Your goal: Reproduce the closing part of the entries exactly: the line with "MAGEASY | Leather" and all lines after it, ending with the last line, and nothing else.
===
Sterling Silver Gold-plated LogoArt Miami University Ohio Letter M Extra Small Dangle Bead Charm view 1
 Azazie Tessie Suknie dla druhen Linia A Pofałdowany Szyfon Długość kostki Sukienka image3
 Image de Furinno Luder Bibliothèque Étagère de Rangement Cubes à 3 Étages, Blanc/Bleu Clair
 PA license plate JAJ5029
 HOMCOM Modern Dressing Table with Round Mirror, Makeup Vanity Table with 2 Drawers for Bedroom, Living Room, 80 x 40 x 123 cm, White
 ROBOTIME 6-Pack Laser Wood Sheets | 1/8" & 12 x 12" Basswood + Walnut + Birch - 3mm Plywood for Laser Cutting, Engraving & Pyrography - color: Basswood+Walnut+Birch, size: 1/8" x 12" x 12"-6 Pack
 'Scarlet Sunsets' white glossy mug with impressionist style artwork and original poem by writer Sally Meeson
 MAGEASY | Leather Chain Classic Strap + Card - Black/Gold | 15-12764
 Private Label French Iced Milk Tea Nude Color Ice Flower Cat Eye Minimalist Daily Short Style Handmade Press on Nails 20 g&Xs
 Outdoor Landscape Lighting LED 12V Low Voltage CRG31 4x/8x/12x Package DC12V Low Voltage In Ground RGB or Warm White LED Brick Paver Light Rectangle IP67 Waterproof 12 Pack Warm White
===
Result below:
 MAGEASY | Leather Chain Classic Strap + Card - Black/Gold | 15-12764
 Private Label French Iced Milk Tea Nude Color Ice Flower Cat Eye Minimalist Daily Short Style Handmade Press on Nails 20 g&Xs
 Outdoor Landscape Lighting LED 12V Low Voltage CRG31 4x/8x/12x Package DC12V Low Voltage In Ground RGB or Warm White LED Brick Paver Light Rectangle IP67 Waterproof 12 Pack Warm White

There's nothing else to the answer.